Plusieurs événements provoqués par l’usage d’algorithmes puissants sont à la source d’un malaise planétaire. Que ce soient les pratiques de «data mining» de la NSA, des différents «flash krachs» de Wall Street ou encore de la Google Car entièrement conduite par des algorithmes! L’avenir tout programmé fait peur. Petit tour d’horizon.

Le 6 mai 2010 à 14 h 40, le marché boursier de Wall Street a sou­dainement piqué du nez de manière vertigineuse. Des titres comme Accenture ou Boston Beer se sont retrouvés avec une cote de 0,01 $. Du jamais vu! Aujourd’hui, on sait que des algorithmes de trading aussi appelés «robots» par les financiers sont à l’origine de ce «flash krach». Seule une interruption de Wall Street a permis aux ordinateurs de retrouver un peu de calme.

Cet événement n’a toutefois pas changé le cours de l’histoire, les algorithmes sont toujours aux commandes à New York et représentent aujourd’hui entre 60 et 70% du volume des transactions.
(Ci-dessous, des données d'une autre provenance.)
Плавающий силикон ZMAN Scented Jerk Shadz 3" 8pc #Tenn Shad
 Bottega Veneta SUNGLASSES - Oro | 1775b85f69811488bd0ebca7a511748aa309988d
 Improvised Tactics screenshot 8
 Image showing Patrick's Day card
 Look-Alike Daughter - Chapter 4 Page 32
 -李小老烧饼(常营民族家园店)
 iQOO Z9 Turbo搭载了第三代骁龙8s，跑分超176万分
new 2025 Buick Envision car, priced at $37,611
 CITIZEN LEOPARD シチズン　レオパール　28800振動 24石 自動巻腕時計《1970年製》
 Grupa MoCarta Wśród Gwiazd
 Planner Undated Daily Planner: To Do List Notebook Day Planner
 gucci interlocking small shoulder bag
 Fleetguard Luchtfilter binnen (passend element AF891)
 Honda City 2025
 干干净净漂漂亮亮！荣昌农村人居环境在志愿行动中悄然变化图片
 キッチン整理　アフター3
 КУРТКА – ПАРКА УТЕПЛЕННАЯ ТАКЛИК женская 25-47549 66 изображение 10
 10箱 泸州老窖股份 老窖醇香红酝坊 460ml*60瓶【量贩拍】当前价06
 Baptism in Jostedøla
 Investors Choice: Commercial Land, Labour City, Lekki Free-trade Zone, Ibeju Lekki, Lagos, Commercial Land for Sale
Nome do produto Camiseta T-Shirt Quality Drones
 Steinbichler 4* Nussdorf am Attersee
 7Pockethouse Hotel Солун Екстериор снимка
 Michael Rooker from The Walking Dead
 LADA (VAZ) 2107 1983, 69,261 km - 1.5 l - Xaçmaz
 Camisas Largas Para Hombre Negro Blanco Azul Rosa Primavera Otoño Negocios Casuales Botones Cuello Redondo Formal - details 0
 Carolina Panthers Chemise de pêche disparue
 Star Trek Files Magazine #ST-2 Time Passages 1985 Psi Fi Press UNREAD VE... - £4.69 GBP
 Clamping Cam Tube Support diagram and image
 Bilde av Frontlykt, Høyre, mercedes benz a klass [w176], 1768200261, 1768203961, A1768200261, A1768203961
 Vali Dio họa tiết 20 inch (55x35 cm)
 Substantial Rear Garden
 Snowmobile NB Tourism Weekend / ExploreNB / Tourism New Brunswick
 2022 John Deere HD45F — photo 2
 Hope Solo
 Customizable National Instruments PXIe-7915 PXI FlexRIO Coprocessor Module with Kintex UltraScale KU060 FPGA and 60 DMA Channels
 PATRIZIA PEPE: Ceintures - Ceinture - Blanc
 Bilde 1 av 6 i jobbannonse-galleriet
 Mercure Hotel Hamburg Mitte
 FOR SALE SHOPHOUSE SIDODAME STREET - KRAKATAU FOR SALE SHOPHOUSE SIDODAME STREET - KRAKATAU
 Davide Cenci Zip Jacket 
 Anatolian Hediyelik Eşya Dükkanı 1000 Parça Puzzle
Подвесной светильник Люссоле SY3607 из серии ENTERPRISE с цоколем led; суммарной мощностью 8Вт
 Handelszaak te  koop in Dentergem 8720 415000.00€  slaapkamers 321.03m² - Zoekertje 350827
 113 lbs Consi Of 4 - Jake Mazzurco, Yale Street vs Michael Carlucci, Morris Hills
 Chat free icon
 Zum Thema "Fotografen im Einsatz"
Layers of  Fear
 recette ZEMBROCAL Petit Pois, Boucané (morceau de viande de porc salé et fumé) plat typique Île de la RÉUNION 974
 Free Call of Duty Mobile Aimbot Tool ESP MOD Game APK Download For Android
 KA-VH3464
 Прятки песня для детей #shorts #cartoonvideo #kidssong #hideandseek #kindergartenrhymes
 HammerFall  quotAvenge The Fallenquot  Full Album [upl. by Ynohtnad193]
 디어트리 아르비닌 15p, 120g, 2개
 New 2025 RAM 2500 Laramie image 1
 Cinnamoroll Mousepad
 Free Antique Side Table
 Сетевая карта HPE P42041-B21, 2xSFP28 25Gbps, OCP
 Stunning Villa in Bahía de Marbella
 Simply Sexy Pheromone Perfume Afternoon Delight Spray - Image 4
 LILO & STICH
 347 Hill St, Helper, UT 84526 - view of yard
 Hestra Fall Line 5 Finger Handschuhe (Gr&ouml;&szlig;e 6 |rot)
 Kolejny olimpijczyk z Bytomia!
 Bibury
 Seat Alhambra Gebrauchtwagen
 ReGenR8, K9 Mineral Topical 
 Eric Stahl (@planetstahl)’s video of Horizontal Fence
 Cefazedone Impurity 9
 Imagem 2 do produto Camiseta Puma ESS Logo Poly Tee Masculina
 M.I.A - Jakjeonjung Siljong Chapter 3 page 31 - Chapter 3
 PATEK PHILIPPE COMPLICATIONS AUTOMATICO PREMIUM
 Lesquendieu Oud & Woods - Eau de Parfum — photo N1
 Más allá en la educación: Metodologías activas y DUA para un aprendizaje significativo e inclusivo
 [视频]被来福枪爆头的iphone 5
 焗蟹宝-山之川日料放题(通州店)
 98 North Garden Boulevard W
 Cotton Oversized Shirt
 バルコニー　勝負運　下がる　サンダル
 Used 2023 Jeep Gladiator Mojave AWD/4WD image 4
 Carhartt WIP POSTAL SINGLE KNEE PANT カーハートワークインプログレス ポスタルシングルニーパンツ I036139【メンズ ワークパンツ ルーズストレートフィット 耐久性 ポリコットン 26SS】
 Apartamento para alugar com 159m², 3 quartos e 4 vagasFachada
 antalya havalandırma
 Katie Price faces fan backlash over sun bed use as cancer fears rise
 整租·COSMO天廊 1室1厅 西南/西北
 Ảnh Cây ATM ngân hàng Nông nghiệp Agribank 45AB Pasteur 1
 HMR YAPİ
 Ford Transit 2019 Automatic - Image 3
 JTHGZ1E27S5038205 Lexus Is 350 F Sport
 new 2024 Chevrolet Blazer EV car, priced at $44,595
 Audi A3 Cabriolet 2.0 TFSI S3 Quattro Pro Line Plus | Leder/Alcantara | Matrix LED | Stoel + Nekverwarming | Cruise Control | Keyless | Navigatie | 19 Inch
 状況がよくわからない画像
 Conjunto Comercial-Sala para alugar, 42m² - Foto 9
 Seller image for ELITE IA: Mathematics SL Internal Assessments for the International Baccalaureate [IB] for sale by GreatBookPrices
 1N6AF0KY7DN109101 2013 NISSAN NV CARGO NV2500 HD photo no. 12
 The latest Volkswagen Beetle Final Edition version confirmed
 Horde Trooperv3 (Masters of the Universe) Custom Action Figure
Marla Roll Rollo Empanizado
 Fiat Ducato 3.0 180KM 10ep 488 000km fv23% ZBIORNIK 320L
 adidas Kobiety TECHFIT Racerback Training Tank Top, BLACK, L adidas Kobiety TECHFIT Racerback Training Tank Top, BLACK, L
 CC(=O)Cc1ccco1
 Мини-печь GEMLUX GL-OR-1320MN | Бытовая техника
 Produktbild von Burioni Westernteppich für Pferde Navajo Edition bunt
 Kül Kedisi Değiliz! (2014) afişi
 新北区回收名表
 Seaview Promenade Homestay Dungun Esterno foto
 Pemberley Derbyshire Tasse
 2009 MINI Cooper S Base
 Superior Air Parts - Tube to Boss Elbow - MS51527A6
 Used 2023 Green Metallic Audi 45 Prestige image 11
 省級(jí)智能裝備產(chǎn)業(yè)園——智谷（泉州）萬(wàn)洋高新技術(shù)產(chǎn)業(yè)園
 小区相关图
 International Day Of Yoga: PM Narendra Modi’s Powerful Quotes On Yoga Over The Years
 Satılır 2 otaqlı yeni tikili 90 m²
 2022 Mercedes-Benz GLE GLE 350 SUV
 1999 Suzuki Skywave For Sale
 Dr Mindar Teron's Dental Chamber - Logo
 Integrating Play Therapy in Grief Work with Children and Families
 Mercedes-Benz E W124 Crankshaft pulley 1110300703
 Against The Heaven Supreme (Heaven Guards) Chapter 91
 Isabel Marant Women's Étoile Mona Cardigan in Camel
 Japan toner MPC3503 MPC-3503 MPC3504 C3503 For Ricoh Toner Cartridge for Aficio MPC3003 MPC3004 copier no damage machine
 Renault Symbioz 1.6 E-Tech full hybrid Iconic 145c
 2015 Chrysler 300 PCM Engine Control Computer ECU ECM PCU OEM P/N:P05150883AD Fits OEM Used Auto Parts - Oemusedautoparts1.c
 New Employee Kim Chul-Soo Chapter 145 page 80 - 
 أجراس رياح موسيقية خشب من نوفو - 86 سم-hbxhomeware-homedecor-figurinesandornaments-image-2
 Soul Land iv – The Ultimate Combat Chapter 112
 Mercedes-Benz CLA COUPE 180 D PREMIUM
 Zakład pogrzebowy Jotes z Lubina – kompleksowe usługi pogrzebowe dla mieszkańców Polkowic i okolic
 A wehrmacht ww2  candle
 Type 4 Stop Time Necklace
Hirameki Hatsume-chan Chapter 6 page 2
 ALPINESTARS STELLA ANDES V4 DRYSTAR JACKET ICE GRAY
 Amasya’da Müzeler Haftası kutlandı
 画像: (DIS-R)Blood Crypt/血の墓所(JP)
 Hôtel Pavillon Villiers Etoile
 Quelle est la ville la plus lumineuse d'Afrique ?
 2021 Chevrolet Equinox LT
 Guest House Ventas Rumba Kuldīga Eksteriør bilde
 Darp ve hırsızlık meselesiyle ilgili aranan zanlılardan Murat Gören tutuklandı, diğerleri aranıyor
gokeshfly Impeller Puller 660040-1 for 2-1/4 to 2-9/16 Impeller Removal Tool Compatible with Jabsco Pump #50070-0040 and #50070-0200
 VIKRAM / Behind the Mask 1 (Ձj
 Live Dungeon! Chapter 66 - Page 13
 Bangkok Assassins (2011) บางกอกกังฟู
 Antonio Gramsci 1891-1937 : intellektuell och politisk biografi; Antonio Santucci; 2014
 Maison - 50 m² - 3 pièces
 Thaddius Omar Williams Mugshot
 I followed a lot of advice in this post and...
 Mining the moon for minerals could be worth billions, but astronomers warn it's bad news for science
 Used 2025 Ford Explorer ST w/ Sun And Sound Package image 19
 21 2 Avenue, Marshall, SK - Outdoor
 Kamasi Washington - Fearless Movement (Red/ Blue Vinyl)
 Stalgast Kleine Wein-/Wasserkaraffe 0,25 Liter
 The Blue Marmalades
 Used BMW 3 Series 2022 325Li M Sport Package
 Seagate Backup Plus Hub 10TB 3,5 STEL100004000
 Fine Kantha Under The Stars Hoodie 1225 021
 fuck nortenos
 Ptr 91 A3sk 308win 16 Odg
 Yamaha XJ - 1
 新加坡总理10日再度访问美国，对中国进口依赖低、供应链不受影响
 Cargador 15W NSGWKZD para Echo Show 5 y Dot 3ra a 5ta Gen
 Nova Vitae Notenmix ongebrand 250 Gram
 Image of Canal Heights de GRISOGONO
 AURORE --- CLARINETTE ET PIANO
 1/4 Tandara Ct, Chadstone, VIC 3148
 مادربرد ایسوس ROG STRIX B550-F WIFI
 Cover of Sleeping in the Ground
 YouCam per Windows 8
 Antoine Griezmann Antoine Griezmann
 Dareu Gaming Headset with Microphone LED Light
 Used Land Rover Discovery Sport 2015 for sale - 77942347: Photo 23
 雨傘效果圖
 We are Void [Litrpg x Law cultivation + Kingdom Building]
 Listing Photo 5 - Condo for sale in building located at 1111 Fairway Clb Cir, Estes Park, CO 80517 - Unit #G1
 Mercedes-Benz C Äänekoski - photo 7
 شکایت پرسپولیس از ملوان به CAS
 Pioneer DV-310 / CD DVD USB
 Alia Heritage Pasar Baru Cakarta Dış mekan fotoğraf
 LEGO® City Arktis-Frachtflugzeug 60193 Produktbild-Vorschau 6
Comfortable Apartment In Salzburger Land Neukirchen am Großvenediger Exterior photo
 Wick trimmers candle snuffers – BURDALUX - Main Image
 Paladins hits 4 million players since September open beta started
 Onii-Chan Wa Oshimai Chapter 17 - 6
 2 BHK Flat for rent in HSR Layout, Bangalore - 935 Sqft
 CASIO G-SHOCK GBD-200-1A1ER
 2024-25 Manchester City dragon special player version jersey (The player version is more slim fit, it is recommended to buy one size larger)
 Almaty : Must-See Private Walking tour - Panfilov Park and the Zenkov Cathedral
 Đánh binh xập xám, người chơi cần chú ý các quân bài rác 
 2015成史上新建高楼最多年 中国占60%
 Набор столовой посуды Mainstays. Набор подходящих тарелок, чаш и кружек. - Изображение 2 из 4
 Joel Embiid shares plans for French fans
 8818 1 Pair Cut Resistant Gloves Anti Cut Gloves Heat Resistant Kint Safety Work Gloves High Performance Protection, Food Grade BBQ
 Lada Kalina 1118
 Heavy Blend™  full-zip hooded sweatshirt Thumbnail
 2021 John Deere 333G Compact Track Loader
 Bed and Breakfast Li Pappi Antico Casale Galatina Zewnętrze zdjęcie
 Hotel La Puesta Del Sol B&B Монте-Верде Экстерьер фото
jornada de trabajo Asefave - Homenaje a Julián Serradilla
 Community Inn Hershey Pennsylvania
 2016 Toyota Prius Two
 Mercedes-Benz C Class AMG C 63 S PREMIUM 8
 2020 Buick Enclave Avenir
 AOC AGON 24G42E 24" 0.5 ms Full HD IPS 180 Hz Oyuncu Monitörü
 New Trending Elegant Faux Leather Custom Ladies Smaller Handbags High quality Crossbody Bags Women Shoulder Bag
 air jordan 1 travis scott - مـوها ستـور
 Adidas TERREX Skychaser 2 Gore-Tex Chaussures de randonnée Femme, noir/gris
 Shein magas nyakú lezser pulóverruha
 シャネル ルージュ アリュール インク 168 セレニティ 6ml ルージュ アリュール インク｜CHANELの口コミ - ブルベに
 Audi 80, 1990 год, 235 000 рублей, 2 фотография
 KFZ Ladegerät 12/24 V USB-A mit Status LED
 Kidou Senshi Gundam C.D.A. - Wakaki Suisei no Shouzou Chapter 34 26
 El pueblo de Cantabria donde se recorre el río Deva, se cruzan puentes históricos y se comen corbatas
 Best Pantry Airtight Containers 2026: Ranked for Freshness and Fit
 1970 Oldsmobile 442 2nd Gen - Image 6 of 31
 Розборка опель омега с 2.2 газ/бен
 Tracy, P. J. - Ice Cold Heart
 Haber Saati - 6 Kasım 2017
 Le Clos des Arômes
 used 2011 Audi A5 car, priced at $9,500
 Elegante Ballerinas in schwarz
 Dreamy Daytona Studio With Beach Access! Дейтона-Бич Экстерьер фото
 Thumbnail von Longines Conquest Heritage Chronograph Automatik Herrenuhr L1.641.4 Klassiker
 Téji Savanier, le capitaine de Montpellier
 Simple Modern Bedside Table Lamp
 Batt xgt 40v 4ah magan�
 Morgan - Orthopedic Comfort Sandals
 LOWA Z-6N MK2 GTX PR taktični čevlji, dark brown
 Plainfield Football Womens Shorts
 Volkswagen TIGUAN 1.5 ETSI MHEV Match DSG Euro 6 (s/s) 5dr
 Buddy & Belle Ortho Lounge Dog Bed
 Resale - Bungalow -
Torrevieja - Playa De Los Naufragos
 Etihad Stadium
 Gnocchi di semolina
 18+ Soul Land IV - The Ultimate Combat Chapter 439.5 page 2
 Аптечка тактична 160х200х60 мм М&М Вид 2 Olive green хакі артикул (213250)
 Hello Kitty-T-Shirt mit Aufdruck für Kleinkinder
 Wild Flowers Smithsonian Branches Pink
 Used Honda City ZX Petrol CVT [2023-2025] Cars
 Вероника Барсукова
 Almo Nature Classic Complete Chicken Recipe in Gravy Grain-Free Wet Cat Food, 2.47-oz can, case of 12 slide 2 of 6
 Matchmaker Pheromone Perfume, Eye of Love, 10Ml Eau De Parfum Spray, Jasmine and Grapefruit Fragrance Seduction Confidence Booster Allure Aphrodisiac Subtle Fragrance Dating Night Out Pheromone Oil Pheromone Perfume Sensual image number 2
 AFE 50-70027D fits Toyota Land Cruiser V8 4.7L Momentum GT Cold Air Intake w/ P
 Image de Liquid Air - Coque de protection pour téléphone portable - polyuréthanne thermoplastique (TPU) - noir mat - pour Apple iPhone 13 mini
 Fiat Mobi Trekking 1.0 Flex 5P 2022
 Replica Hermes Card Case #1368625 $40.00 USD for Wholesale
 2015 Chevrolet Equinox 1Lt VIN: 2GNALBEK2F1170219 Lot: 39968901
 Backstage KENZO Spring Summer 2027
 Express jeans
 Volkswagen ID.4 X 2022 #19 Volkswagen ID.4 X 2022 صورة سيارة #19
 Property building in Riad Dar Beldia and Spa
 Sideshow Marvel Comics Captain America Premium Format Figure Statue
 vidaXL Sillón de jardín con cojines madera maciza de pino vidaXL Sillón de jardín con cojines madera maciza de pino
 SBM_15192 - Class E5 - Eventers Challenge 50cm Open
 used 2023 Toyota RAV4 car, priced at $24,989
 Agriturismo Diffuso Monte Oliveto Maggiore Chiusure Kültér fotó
Le 11 mars 2014, un article entièrement produit par des algorithmes sort des murs du Los Angeles Times. Il parle d’un tremblement de terre de magnitude 4,7 survenu au large de Santa Monica, seulement quelques instants auparavant. La dépêche est reprise par une grande majorité de la presse américaine, notamment celle du online. Une semaine plus tard, la nouvelle sur le mode de fabrication se répand dans les milieux des médias. Stupéfaction! On n’avait pas été averti du caractère automatique de l’écriture. La fin du métier de journaliste s’approcherait-elle?

Le 18 juin 2018, il est 19 h 30. Ma cuisinière parle à mon frigo et lui demande de ne pas tirer sur le courant électrique pendant une heure. C’est à son tour de prendre le relais car il ne faut pas surcharger le réseau. Comme toutes les cuisinières agissent ainsi ensemble, un «pic» électrique est réduit. La consommation globale s’en trouve améliorée.

Ces algorithmes dictent de nouvelles règles du jeu sans vraiment faire appel à l’humain. C’est en cela que notre ère est vraiment nouvelle: «Les objets, les systèmes se passent de nous. Trop lents, trop chers, trop encombrants.»

L’internet avec son immense écosystème d’informations interconnectées est le champ d’action privilégié des algorithmes, car ces données sont les seules à parvenir à traiter, à manipuler et à produire dans ce dédale immense du réseau mondial des «big data». Au final, les données résultant de ces processus deviennent à leur tour de nouvelles données et des sources d’informations.

Ainsi, lorsque je fais une recherche sur Google, l’algorithme qui me prend en charge va offrir plusieurs solutions à ma requête présentée comme une liste de liens et, dans le même temps, va retenir ma requête comme une information qui va être intégrée comme une donnée pour ses propres recherches futures.

Il en est de même par exemple sur Amazon ou Ebookers, chacune de mes recherches et chacun de mes achats seront intégrés à une base de données de «comportement clients» qui ira enrichir les recherches et offres futures non seulement me concernant, mais aussi ceux qui auront fait les mêmes choix.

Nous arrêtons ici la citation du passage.